Lowering IOP is unequivocally associated with reduced rates of glaucoma and glaucoma progression as documented in several large multicenter trials including the OHTS,⁴ the Early Manifest Glaucoma Trial,^2,301 the Collaborative Normal-Tension Glaucoma Study Group,^3,302 and the Advanced Glaucoma Intervention Study.³⁰³ Reduction in IOP is readily modifiable with topical ocular hypotensive agents, and these remain first-line treatment for OH and OAG.^304,305 If the IOP is not sufficiently lowered to the estimated pre-defined target IOP level or if there is glaucomatous progression, then additional agents are introduced guided also by the patients concurrent health issues and medications, ability to comply, and potential impact on QoL. Surgery (laser, filtering, or cyclodestructive surgery) may be warranted if topical ocular hypotensives are ineffective.

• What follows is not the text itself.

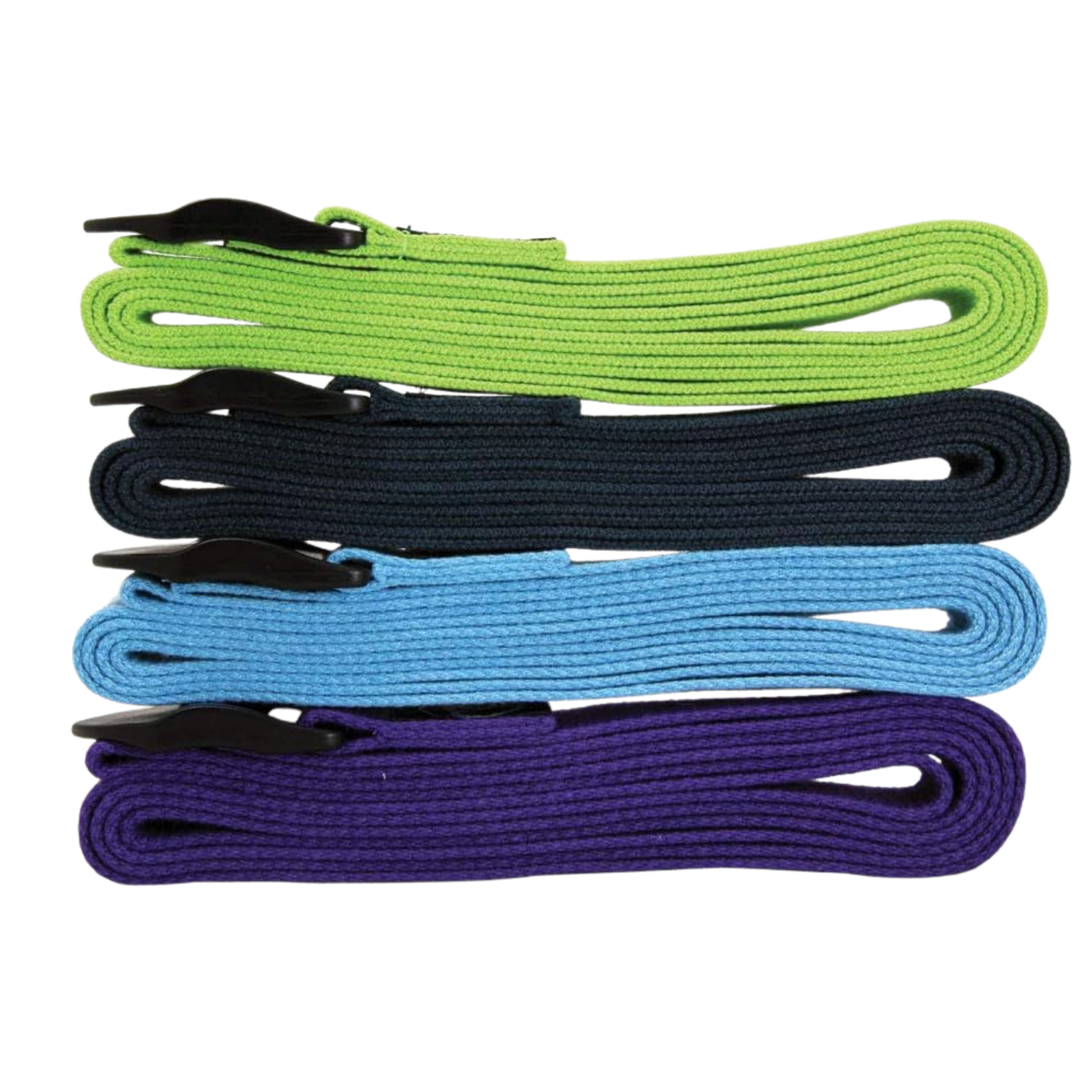 FItness Mad Standard Yoga Belt 2M - Silver Graphite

Although timolol was prescribed most frequently, followed by latanoprost and brimonidine in a US study²⁸⁶ this choice may be governed by cost considerations, government or other institutional restrictions and familiarity by the treating ophthalmologist.³⁰⁶ PGA have at least equivalent if not superior efficacy over timolol and other ocular hypotensive agents, and advantages of once daily application and low risk of well-recognized life-threatening complications of β-blocker therapy such as bronchospasm, cardiac arrythmias, and exacerbation of congestive heart failure. Conjunctival hyperemia, the most common side effect of PGAs tend to be mild and reversible, but commonly encountered (up to 69% in one study with bimatoprost).⁸⁵ Cosmetic side effects such as eyelash growth, peri-ocular skin discoloration and iris pigmentation also occur but to a lesser extent.

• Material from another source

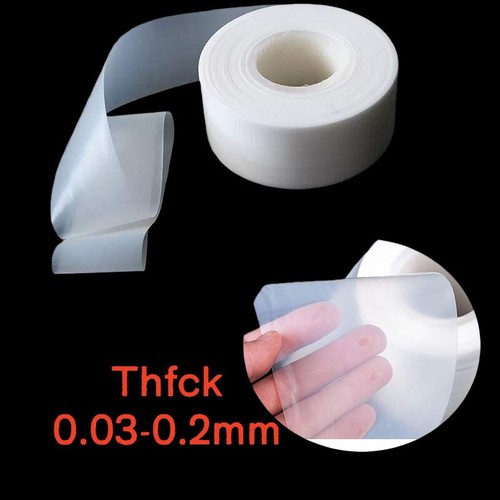 White polypropylene film - polypropylene,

The OHTS study documented that 39.7% of glaucoma patients require 2 or more different medications after 5 years of treatment.⁴ Simplifying dose regimen with fixed combinations of 2 ocular hypotensive medications are preferred over concomitant administration.³⁰⁵ Fixed combination PGA with timolol also show superiority to monotherapy of its constituent parts and equivalence to concomitant therapy to its constituent parts. Additional benefits include enhancement of adherence, reduction of medication wash-out effect, and minimization of preservative-toxicity on the ocular surface, although they should not be prescribed for patients with sensitivity to β-blocker therapy.

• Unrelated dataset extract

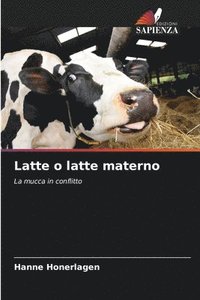 bokomslag Latte o latte materno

In summary, PGAs are powerful topical ocular hypotensive agents available in our current OH and glaucoma treatment armamentarium. The three main commercially available agents, latanoprost 0.005%, bimatoprost 0.03%, and travoprost 0.004% may differ in pharmacology, tolerability and efficacy, but only a few meaningful differences consistently demonstrated in studies using rigorous statistical and scientific criteria exist.⁷ All three PGAs work primarily by the same prostanoid FP receptor although controversial. All three have fairly similar and superior effectiveness for IOP reduction than other topical hypotensive agents available. Additionally, 24-hour IOP control is better with PGAs than β-blockers. PGA have near absence of systemic side effects, although do have other commonly encountered side-effects including ocular hyperemia, iris pigmentation, eyelash growth, and peri-ocular pigmentary changes. Once daily administration and near absence of systemic side effects enhances tolerance and compliance. OH and OAG patients require lifelong treatment and follow-up care to halt progression of optic neuropathy, thus preserve remaining visual function and QoL.³⁰⁷

Disclosure

The authors declare no conflicts of interest.